Pero lo que realmente ayudó a Trump a consolidarse fue la falta de actores públicos que lo sometieran a una cotidiana rendición de cuentas. Y ahí, el periodismo ha (mayormente) fallado. Con algunas excepciones, Trump no ha enfrentado  escrutinio periodístico suficiente. En parte se debe a la habilidad del propio Trump, que ha sabido marginar o intimidar a quienes pudieran cuestionarlo, pero en parte también se debe a lo fácil que resulta la frivolidad: reírse del "payaso" antes que analizar y condenar al autoritario populista en ciernes, más fácil invitarlo para subir los ratings que ponerlo bajo el microscopio de la historia del nativismo estadounidense.

También tienen culpa todos aquellos a los que Trump ha insultado con absoluta  libertad. Y ahí, la historia tendrá que reservarle un capítulo ignominioso al gobierno mexicano. México y los mexicanos hemos sido el blanco favorito de Trump desde el día mismo en que lanzó su campaña y llamó "violadores y narcotraficantes" a los paisanos migrantes. Desde entonces, en cada mitin que celebra, Trump echa leña al fuego del prejuicio anti-mexicano asegurando que nuestro país pagará el muro ",grande, hermoso" que planea construir. Ha también amenazado con imponer aranceles enloquecidos a los bienes mexicanos, renegociar el TLCAN, además de implementar una política de deportación que destrozaría la vida de 5 millones de mexicanos (y muchos más si contamos a sus familiares). Esta andanada repugnante ha durado ya ocho meses. Hasta hace unas semanas, la Canciller mexicana declaraba, en una entrevista con todo y fotos sonrientes, que Trump no le quitaba el sueño. el fin de semana finalmente, después de más de 30 semanas de ambigüedades y declaraciones sin filo alguno, Ruiz Massieu calificó a Trump de ignorante y racista. Lo hizo, uno supone, presionada por las circunstancias y los expresidente que andan repartiendo peladeces en medios estadounidenses (como si la vulgaridad histérica se combatiera con vulgaridad histérica). Está por ver si la oficina del presidente Peña Nieto adopta también el mismo tono de su canciller. Por lo pronto, como narro en un artículo publicado el domingo en el sitio de la revista The New Yorker, el vocero presidencial me envió una declaración –redactada  básicamente al mismo tiempo en que Ruiz Massieu se entrevistaba al Washington Post- en términos muy distintos a lo dicho por la canciller: una enumeración de antiguas declaraciones que concluía con el suave deseo de que el siguiente presidente estadounidense comprendiera la profundidad de la relación bilateral y construyera puentes antes que muros. Otro funcionario del gobierno me aseguró que atacar a Trump sería hacerle el juego, además de ser contraproducente e inútil. Habrá que esperar para ver cuál de estos dos discursos divergentes se vuelve la narrativa oficial de México frente a Trump.

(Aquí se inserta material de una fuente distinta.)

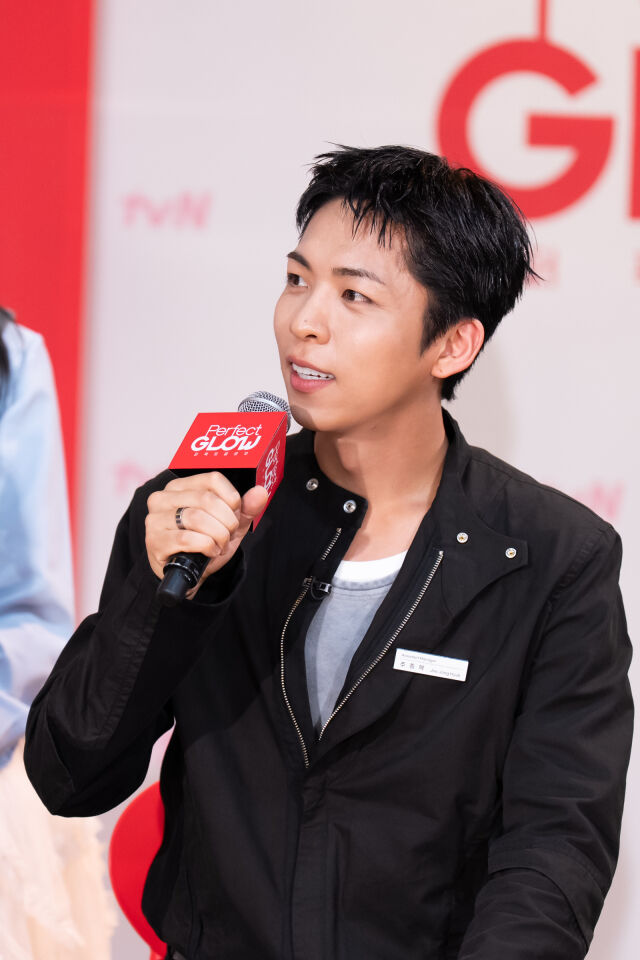 배우 주종혁 '퍼펙트 글로우' / tvN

En todo caso, y aunque de pronto el gobierno decida despertar de su sueño trumpiano, lo más probable es que sea demasiado tarde, al menos para incidir en la coronación de Trump y la validación de las aspiraciones de sus millones de simpatizantes. México ha perdido la oportunidad de defender a los suyos, actuar con dignidad y, crucialmente, levantar la voz contra el fantasma del prejuicio y la discriminación. México, y todos los otros actores que se han quedado callados frente a la violencia y la burla de Trump, son cómplices del ascenso de un demente en potencia. Desde algún lugar, Chamberlain nos observa.